Pronto descubre que están huyendo de un grupo de inversores que han sido estafados por el dudoso Chester, que lleva consigo, una maleta llena de dinero. Las lujosas vacaciones terminan cuando son descubiertos por un detective privado encargado de perserguirle, pero que es asesinado al intentar reclamar el dinero a la fuerza. Al ayudarle a transportar el cadaver a su habitación se verá implicado en la intriga.

De ser perseguidos por los millonarios estafados, ahora lo son por la policía. Rydal les pone a salvo en la isla de Creta mientras les consigue nuevos pasaportes. Han dejado muchas pistas, incluso las de sus identidades Sin embargo, todo el plan se viene abajo por los celos de Chester y la infidelidad de su esposa, la joven Colette, de la que se siente atraido Rydal. Los hechos se precipitan al morir ésta por un accidente en las ruinas de la ciudad de Cnossos.

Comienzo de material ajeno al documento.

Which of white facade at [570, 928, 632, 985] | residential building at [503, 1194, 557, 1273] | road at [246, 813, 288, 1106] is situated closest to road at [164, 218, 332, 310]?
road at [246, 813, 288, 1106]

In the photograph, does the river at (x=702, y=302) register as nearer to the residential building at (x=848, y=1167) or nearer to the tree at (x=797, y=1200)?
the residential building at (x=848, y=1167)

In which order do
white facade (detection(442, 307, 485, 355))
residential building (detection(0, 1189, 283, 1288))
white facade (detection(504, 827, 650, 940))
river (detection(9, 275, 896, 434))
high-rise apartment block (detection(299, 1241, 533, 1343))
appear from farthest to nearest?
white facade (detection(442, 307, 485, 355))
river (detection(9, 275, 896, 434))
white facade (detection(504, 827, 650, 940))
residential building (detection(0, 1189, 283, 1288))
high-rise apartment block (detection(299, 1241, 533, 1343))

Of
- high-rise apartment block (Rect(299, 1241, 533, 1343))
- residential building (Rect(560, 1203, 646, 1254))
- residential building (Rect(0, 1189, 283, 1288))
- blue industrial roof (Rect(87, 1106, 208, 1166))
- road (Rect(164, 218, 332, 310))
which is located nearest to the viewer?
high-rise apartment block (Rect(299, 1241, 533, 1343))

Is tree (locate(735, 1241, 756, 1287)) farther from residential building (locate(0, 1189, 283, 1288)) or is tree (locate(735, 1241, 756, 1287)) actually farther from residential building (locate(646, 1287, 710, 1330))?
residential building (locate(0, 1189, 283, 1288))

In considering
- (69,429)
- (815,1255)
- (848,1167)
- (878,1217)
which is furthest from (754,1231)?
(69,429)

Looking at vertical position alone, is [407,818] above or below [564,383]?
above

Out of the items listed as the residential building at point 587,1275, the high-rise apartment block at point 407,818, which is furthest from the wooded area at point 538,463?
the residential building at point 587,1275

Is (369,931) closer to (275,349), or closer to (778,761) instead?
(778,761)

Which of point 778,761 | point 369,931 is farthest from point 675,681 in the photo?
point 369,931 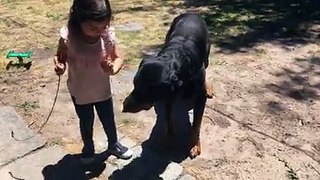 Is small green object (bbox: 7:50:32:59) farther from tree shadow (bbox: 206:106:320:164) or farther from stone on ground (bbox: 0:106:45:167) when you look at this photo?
tree shadow (bbox: 206:106:320:164)

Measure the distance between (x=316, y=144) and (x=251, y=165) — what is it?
0.55 metres

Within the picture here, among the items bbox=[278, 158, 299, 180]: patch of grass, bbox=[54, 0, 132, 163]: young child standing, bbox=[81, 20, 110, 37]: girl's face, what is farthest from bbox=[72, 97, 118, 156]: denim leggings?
bbox=[278, 158, 299, 180]: patch of grass

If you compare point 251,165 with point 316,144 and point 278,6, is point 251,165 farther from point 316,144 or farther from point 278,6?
point 278,6

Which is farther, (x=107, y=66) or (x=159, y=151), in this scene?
(x=159, y=151)

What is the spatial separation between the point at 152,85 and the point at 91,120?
637mm

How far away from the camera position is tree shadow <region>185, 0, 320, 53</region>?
5.30 metres

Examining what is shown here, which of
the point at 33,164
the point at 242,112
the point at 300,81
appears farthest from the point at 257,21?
the point at 33,164

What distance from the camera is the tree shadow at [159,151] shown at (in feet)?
10.6

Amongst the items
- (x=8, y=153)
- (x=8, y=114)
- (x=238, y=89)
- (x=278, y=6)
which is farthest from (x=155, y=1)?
(x=8, y=153)

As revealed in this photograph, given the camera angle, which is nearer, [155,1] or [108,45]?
[108,45]

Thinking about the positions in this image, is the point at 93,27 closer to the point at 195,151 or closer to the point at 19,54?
the point at 195,151

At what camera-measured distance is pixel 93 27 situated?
2.71 metres

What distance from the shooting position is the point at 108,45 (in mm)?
2934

Los intentos de Chester de deshacerse de Rydal no han dado sus frutos y juntos, otra vez, planean salir de Grecia. Al final, con engaños, el primero logra huir a Estambul, mientras el segundo es apresado por la policía, que le utilizará para capturar a Chester, que morirá abatido en las calles de la ciudad turca. Rydel resulta exculpado a pesar del interés por el dinero de la pareja.

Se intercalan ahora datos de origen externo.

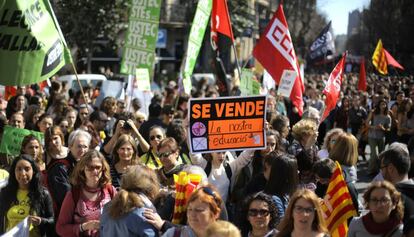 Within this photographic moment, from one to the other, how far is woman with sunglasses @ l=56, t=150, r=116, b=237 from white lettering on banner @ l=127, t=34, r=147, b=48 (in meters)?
5.61

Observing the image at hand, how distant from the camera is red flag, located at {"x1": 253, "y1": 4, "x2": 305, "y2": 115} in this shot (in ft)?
38.5

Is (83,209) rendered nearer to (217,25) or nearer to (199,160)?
(199,160)

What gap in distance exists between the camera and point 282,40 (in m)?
11.8

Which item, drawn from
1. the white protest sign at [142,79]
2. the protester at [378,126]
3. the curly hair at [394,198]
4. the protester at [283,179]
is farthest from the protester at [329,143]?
the protester at [378,126]

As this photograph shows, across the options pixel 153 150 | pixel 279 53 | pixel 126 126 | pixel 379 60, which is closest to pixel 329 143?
pixel 153 150

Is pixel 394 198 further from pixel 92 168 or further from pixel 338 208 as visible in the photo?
pixel 92 168

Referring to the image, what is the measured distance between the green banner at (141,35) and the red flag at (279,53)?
1669 millimetres

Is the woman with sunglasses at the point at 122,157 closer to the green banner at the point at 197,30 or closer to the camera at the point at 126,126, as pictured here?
the camera at the point at 126,126

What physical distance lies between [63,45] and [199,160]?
2.13 metres

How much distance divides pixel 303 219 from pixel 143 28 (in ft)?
22.9

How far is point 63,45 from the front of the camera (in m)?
8.66

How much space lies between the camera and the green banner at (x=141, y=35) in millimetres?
11547

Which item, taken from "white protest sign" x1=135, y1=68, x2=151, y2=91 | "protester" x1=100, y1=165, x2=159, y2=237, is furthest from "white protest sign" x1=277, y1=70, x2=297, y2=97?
"protester" x1=100, y1=165, x2=159, y2=237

El argumento de la película se basa en la novela homónima de Patricia Highsmith, cuya influencia se descubre entre otros aspectos, en la atención que presta en describir las motivaciones humanas, incluso de los más viles estafadores. Los tres personajes protagonistas, Chester, Colette y Rydal, interpretados respectivamente por los actores, Viggo Mortesen, Kirsten Dunst y Oscar Isaac, que destacan por el glamur y la fotogenia, tienen un pasado, un origen turbulento en Nueva York, que explica la responsabilidad y las reacciones ante los dramáticos hechos.


El público sale satisfecho de una historia donde los seres humanos buscan vivir el mayor nivel de vida posible al margen de la ley, pero con la mejor apariencia que da el dinero y el lujo, pero que provocan de la misma forma que su ascenso, la propia ruina. Una serie de acontecimientos que ocurren entre los famosos vestigios de la Acrópolis de Atenas o los muros y las pinturas de la cultura cretense, que incrementan el actractivo de las imágenes y el valor de las circunstancias donde se produce la acción.